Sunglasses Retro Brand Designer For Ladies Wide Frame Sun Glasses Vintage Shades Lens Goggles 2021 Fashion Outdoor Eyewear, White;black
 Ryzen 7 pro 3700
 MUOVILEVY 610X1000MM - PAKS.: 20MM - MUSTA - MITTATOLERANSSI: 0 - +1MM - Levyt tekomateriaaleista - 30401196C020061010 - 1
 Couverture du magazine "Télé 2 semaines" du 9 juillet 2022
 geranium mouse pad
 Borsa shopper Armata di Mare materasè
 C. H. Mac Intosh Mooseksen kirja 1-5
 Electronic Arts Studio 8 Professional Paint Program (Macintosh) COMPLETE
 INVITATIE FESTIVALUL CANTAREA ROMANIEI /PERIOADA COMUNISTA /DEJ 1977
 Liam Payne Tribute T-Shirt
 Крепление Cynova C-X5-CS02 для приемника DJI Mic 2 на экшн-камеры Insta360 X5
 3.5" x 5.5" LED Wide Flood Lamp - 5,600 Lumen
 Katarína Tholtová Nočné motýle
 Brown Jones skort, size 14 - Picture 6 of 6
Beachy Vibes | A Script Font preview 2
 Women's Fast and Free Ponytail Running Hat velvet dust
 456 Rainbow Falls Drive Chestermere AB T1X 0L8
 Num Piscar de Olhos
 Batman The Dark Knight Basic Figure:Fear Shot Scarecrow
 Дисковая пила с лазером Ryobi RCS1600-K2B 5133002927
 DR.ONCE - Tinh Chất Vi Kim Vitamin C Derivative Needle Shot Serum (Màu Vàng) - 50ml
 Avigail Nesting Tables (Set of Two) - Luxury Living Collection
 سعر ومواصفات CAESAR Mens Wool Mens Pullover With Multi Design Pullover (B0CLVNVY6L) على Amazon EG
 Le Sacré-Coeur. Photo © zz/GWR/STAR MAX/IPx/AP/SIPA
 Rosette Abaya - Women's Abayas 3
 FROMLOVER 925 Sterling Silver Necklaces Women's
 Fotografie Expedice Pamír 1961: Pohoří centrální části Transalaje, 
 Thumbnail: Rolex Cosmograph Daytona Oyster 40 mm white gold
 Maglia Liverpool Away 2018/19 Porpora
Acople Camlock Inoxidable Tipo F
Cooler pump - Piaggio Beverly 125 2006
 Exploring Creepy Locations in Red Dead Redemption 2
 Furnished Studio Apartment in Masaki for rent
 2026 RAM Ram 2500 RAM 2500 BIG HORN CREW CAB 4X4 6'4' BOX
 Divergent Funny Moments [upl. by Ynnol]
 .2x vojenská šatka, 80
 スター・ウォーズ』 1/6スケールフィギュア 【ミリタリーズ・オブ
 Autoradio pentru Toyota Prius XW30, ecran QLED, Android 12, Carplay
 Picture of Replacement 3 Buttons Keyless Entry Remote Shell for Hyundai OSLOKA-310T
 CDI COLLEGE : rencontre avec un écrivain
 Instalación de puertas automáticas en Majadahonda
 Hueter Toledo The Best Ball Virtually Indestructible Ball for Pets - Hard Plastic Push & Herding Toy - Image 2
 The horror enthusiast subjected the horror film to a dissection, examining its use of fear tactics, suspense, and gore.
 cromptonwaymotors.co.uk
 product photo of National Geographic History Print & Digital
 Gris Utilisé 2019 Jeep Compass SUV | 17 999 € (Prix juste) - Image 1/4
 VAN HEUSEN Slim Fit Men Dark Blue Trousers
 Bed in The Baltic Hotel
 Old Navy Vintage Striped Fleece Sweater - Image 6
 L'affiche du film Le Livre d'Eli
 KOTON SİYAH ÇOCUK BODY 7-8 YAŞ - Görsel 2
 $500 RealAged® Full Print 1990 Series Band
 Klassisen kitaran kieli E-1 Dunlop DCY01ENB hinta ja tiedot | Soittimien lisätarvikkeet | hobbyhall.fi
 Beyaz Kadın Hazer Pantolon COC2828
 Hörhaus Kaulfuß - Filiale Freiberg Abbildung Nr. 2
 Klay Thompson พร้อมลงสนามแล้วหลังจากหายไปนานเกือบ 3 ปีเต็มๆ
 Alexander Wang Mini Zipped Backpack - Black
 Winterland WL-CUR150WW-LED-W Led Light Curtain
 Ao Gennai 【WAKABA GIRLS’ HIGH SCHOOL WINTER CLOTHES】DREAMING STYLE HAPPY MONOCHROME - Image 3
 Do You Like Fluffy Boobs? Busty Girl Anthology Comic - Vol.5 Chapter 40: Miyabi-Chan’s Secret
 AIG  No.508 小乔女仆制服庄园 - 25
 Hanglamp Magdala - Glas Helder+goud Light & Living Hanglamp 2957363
________________________________________
=== Problem requirements ===
The expected answer is each line of the records above that includes the string "film".

=== Exercise output ===
 The horror enthusiast subjected the horror film to a dissection, examining its use of fear tactics, suspense, and gore.
 L'affiche du film Le Livre d'Eli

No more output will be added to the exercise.